Beefy Boxes and Bandwidth Generously Provided by pair Networks
"be consistent"
 
PerlMonks  

Re: Finding Nearly Identical Sets

by BrowserUk (Patriarch)
on Sep 28, 2016 at 16:36 UTC ( [id://1172848]=note: print w/replies, xml ) Need Help??


in reply to Finding Nearly Identical Sets

A few questions:

  • You already have the set of known 9-digits numbers to compare against?

    If so, how are they currently stored?

    If not, will you just take the numbers from the first batch as 'good'?

    Or are you hoping to cross-check the first batch against the second and detect errors that might be in the first set?

    If you have a known good set, then it is simply a case of checking if the number found already exists in that known set, and that can be done very quickly using a 106MB bitstring.

  • You already have a method of finding & extracting the number from the message; even if it is 8 or 10 digits.

    Ie. Its location is fixed, or clearly prefixed, or it will be the only large (say more than 7-digits) number in the message.

    What I'm getting at here is the insertions or deletions are easily detected, because the numbers are the wrong length. That only really leaves transpositions to detect?


With the rise and rise of 'Social' network sites: 'Computers are making people easier to use everyday'
Examine what is said, not who speaks -- Silence betokens consent -- Love the truth but pardon error.
"Science is about questioning the status quo. Questioning authority". I knew I was on the right track :)
In the absence of evidence, opinion is indistinguishable from prejudice.

Replies are listed 'Best First'.
Re^2: Finding Nearly Identical Sets
by Limbic~Region (Chancellor) on Sep 28, 2016 at 17:33 UTC
    BrowserUk,
    I am going to answer some of your questions out of order (easiest to answer to hardest).

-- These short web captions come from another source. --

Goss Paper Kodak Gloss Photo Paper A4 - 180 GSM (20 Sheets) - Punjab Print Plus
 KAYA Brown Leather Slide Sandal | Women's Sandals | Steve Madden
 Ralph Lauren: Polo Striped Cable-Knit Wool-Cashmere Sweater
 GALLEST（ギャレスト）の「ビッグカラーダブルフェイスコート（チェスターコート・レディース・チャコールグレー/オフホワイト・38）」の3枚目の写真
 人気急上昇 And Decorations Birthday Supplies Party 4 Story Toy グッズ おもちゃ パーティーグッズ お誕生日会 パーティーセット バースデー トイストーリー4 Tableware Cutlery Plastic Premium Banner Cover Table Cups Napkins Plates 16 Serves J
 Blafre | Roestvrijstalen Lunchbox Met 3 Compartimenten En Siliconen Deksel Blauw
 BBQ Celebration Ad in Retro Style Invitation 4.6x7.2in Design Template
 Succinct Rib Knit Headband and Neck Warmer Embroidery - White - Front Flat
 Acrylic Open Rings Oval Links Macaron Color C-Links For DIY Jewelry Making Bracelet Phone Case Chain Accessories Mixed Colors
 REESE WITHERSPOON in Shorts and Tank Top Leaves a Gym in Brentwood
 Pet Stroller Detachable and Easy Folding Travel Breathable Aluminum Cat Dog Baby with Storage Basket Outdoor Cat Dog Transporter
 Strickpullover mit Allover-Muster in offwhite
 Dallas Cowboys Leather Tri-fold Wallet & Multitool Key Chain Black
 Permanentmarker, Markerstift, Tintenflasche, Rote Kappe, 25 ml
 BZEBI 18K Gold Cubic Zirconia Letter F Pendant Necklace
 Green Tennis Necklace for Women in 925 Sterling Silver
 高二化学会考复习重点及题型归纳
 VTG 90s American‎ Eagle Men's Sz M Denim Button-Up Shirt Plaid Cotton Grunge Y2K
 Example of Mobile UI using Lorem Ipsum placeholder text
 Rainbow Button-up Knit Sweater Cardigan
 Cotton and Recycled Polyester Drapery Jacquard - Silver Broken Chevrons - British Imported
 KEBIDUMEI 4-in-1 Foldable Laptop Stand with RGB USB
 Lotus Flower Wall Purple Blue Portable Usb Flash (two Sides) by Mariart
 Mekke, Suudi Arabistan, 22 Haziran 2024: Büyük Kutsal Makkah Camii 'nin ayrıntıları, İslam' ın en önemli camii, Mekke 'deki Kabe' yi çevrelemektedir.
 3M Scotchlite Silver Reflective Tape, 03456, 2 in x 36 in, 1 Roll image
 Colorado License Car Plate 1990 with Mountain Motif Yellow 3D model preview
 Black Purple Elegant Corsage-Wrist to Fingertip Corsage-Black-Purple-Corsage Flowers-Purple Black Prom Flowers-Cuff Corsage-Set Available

    You already have a method of finding & extracting the number from the message; even if it is 8 or 10 digits.

    Correct

    What I'm getting at here is the insertions or deletions are easily detected, because the numbers are the wrong length. That only really leaves transpositions to detect?

    Incorrect. While it is trivial to determine that a mistake has been made, it isn't necessarily trivial to determine what the mistake was (which set the number should have been).

    You already have the set of known 9-digits numbers to compare against?

    No. Think of it this way. The set represents what should be a unique identifier for the message sender. The first time I receive a message with a valid set (meets my aforementioned criterion) that doesn't appear to be similar to any other previously seen set - I will use that set to identify that sender. Not because it is correct but because it was first. A subsequent message from that sender may be objectively correct but for my purposes I don't know - I only know that it is nearly identical to what I have already seen.

    If so, how are they currently stored?

    I'm still figuring that out but because there will be parallel processing going on, I am assuming it will be in a database and finding good candidates will need to be 1 or more index based queries.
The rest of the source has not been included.